Your instructions: Each line of the listing below must be retyped exactly, with images left out.

Data below:
......

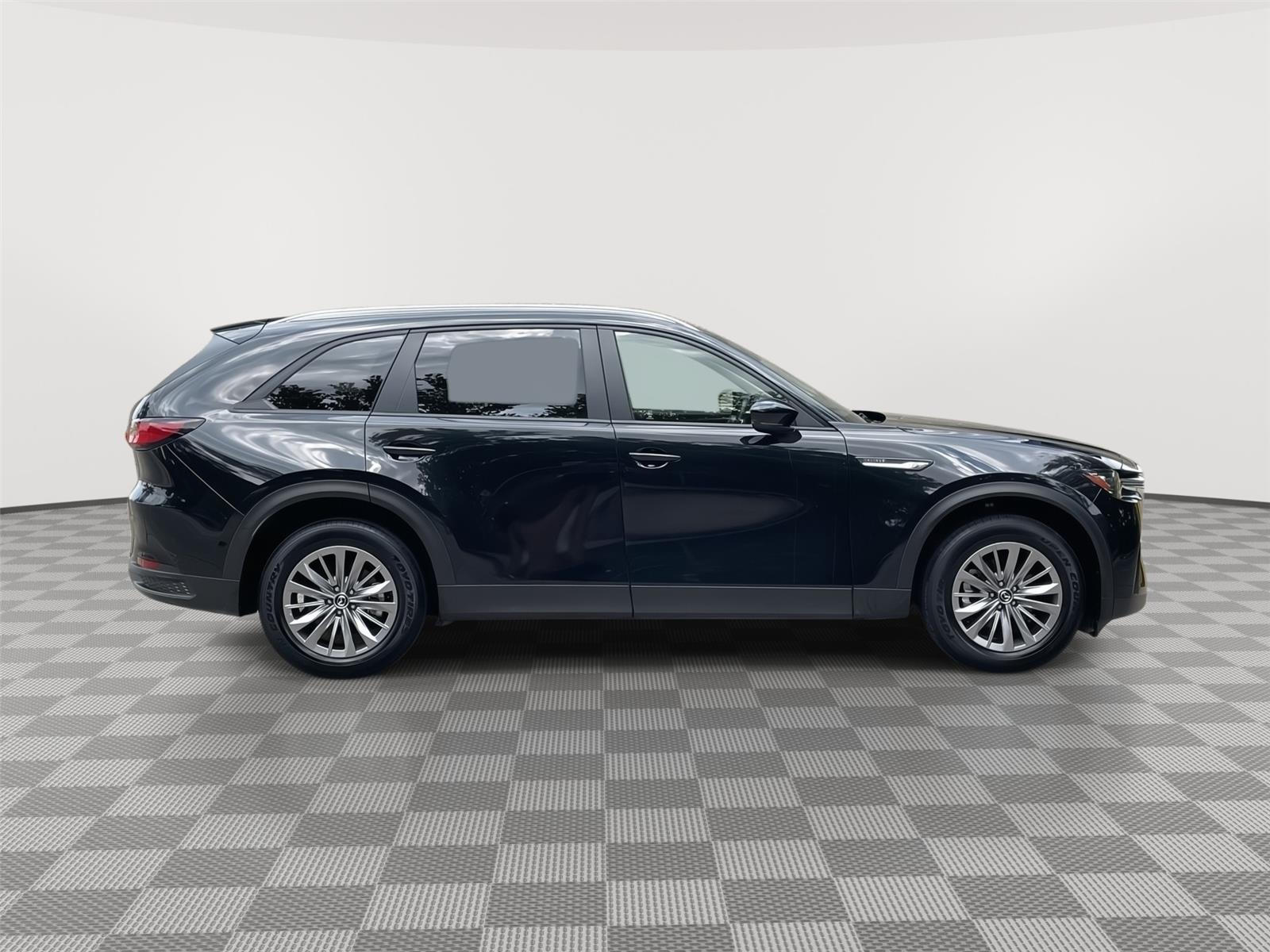Used 2025 Mazda CX-90 Select Package SUV for sale in Lincoln NE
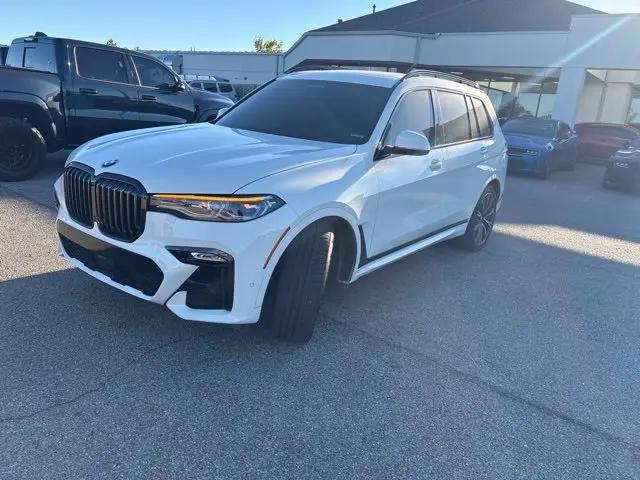2021 BMW X7 M50i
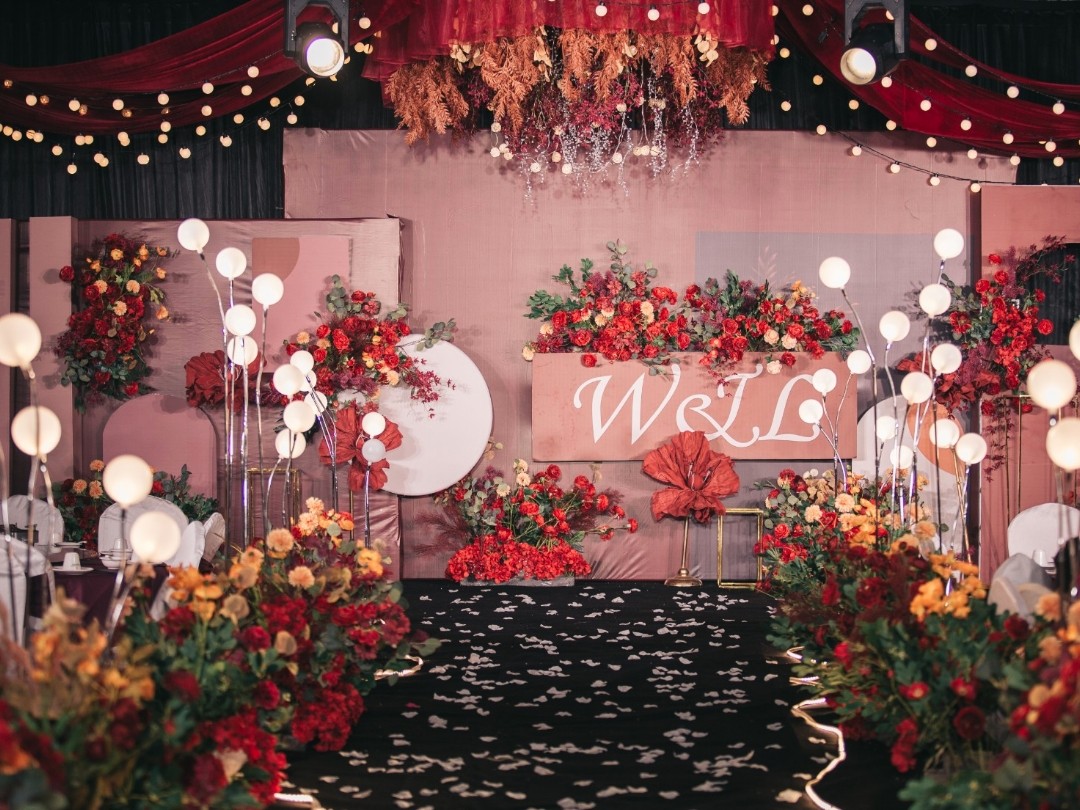 陌上花开婚礼馆21年黑红定制婚礼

......

Output of the exercise:
Used 2025 Mazda CX-90 Select Package SUV for sale in Lincoln NE
2021 BMW X7 M50i
 陌上花开婚礼馆21年黑红定制婚礼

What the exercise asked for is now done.